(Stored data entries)
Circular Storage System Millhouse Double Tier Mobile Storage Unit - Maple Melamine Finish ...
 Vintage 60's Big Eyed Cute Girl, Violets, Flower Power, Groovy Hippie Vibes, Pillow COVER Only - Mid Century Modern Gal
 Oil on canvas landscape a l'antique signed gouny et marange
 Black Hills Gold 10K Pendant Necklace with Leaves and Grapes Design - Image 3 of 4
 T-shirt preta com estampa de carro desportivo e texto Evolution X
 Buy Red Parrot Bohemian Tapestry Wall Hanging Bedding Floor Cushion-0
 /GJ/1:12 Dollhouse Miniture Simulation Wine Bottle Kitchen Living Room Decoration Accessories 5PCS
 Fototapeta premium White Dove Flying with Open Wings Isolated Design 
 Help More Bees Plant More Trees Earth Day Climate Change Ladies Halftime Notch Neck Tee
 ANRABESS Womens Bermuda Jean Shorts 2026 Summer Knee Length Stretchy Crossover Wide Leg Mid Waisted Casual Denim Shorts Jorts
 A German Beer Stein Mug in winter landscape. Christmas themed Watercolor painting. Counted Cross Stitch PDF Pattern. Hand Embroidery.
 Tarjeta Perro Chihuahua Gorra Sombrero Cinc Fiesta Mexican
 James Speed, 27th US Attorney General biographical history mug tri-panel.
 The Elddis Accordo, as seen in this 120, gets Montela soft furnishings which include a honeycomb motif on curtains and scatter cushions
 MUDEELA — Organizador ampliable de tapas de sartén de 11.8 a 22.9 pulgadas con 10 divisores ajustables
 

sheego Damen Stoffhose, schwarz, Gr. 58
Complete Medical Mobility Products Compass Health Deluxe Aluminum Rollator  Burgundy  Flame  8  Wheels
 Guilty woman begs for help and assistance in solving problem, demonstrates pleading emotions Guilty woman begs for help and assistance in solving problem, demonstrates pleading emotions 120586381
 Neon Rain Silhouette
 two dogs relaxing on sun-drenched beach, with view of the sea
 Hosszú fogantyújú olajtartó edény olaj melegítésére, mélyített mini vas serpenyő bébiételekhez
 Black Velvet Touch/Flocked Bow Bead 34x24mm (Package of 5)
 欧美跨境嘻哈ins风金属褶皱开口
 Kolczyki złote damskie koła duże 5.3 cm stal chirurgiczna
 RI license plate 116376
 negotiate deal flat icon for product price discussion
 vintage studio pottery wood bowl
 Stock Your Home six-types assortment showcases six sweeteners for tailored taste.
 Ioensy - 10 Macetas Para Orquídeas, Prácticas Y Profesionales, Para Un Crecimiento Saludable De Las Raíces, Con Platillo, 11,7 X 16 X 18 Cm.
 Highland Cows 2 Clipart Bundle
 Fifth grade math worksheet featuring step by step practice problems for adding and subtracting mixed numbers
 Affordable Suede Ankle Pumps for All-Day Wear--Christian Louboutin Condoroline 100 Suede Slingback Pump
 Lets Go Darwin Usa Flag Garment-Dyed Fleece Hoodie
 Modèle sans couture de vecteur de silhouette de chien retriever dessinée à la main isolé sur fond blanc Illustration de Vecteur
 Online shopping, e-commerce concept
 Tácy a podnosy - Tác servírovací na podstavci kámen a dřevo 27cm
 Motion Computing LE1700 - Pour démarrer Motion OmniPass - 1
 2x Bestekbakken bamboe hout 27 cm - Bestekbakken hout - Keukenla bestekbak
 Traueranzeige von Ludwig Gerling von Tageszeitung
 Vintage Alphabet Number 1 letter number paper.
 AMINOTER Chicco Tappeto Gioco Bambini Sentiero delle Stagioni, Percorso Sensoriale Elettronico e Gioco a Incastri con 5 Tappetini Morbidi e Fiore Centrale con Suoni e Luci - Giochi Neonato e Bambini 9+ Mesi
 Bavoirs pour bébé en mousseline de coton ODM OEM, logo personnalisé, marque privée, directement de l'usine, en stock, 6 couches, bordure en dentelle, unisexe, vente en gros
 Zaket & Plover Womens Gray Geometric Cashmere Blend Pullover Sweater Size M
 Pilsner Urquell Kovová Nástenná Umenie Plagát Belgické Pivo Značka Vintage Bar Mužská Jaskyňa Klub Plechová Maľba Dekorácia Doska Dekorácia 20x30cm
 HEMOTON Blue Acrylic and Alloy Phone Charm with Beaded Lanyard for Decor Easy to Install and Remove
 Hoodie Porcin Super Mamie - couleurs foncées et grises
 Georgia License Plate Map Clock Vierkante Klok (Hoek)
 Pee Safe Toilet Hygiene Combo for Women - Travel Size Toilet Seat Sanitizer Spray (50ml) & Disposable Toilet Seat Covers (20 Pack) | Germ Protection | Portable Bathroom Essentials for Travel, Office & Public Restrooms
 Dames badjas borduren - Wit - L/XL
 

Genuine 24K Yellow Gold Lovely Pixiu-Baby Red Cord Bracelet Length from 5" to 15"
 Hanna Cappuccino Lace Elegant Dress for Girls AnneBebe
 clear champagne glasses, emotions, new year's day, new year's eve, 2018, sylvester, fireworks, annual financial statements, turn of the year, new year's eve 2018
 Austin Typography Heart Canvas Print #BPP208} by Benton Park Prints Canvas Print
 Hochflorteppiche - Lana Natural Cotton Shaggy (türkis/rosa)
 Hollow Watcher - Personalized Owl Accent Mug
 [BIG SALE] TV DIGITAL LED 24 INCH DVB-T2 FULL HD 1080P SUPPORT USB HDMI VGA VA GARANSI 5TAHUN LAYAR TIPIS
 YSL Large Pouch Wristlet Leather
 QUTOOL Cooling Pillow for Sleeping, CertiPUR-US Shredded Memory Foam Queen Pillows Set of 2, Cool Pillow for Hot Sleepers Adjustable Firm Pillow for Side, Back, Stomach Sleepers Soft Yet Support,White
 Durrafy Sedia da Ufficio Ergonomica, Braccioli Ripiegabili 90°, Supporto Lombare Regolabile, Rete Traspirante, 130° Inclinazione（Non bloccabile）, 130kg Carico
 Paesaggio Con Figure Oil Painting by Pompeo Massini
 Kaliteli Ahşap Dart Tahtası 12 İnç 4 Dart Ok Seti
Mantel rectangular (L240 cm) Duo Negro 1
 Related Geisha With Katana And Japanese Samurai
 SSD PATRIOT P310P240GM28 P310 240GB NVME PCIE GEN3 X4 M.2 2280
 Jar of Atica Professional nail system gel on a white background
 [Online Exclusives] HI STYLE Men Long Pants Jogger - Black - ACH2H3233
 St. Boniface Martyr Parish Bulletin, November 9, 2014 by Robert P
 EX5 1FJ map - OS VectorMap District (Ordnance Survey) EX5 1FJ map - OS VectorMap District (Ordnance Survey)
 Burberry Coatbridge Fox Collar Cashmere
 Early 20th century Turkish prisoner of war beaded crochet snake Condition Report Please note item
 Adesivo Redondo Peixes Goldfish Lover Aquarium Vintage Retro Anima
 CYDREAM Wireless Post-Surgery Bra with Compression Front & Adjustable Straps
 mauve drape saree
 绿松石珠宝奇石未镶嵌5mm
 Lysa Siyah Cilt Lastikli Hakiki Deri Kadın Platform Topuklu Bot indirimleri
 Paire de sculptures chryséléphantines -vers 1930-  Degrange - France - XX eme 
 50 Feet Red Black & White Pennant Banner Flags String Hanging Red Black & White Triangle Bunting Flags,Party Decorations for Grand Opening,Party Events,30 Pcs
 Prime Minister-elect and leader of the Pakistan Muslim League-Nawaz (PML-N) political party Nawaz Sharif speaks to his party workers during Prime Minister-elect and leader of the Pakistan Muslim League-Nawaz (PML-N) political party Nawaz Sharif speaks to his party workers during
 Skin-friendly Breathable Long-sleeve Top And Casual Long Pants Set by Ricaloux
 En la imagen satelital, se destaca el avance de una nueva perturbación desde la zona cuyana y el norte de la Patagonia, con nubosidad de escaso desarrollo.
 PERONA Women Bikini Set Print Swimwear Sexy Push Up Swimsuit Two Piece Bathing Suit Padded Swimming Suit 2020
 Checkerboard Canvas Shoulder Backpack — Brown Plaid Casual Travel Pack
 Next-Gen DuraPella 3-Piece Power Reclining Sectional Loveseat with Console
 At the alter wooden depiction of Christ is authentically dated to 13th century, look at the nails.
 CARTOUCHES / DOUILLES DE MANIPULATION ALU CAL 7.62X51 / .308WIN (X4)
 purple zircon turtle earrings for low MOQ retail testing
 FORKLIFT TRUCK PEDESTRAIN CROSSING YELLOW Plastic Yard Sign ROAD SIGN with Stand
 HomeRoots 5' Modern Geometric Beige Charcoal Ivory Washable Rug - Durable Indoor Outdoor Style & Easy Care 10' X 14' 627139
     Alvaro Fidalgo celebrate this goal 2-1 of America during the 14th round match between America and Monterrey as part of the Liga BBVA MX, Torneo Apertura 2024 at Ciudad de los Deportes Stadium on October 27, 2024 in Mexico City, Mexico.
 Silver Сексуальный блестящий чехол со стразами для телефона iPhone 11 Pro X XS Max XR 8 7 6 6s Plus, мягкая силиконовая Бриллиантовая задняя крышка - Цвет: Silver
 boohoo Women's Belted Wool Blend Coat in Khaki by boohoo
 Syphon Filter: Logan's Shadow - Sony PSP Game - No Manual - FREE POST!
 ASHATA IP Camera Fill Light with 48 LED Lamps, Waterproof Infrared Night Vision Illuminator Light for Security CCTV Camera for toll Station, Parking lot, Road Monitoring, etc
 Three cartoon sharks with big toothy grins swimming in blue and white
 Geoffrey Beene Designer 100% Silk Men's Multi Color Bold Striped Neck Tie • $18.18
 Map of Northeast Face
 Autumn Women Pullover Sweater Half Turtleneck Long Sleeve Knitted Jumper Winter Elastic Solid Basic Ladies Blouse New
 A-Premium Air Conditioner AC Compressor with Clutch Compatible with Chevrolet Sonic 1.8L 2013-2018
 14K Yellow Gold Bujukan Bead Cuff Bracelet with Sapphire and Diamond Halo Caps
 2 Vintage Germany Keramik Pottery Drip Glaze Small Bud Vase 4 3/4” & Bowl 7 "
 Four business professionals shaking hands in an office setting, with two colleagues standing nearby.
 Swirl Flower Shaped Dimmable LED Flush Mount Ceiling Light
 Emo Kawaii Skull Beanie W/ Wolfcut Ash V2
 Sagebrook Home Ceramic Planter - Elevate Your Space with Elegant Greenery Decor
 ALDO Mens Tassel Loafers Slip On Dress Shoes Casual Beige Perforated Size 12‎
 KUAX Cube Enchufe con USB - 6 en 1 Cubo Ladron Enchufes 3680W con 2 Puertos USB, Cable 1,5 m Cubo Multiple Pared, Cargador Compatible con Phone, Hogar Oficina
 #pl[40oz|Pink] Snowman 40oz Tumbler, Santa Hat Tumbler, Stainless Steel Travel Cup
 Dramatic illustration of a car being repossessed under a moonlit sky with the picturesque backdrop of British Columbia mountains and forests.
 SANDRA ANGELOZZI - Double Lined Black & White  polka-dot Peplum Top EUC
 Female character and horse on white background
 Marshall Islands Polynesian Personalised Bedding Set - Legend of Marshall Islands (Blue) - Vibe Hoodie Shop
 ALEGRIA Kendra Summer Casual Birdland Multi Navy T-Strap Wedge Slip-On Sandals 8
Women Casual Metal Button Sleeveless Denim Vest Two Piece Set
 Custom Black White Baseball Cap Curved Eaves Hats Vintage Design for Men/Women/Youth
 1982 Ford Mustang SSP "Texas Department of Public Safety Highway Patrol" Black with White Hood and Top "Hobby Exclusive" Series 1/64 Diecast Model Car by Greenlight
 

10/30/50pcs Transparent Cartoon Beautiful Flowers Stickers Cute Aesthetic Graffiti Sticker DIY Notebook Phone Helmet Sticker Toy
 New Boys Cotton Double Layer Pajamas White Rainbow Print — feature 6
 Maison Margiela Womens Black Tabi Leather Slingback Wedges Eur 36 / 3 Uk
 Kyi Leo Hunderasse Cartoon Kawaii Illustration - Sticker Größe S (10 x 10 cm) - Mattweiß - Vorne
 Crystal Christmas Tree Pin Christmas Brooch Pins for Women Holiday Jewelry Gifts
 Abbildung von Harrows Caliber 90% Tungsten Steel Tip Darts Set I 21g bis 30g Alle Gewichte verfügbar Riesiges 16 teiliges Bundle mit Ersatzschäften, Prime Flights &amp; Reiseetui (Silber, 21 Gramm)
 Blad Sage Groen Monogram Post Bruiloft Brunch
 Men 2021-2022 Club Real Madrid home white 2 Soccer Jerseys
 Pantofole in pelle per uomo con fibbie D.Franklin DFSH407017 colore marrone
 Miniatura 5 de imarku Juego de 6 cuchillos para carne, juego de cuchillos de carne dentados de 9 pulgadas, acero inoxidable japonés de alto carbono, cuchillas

TASK GOAL
Above are the records; from them, give again exactly the lines from the one containing "PERONA Women Bikini" to the one containing "ASHATA IP Camera", both lines included, and nothing more.

WRITTEN REPLY
 PERONA Women Bikini Set Print Swimwear Sexy Push Up Swimsuit Two Piece Bathing Suit Padded Swimming Suit 2020
 Checkerboard Canvas Shoulder Backpack — Brown Plaid Casual Travel Pack
 Next-Gen DuraPella 3-Piece Power Reclining Sectional Loveseat with Console
 At the alter wooden depiction of Christ is authentically dated to 13th century, look at the nails.
 CARTOUCHES / DOUILLES DE MANIPULATION ALU CAL 7.62X51 / .308WIN (X4)
 purple zircon turtle earrings for low MOQ retail testing
 FORKLIFT TRUCK PEDESTRAIN CROSSING YELLOW Plastic Yard Sign ROAD SIGN with Stand
 HomeRoots 5' Modern Geometric Beige Charcoal Ivory Washable Rug - Durable Indoor Outdoor Style & Easy Care 10' X 14' 627139
     Alvaro Fidalgo celebrate this goal 2-1 of America during the 14th round match between America and Monterrey as part of the Liga BBVA MX, Torneo Apertura 2024 at Ciudad de los Deportes Stadium on October 27, 2024 in Mexico City, Mexico.
 Silver Сексуальный блестящий чехол со стразами для телефона iPhone 11 Pro X XS Max XR 8 7 6 6s Plus, мягкая силиконовая Бриллиантовая задняя крышка - Цвет: Silver
 boohoo Women's Belted Wool Blend Coat in Khaki by boohoo
 Syphon Filter: Logan's Shadow - Sony PSP Game - No Manual - FREE POST!
 ASHATA IP Camera Fill Light with 48 LED Lamps, Waterproof Infrared Night Vision Illuminator Light for Security CCTV Camera for toll Station, Parking lot, Road Monitoring, etc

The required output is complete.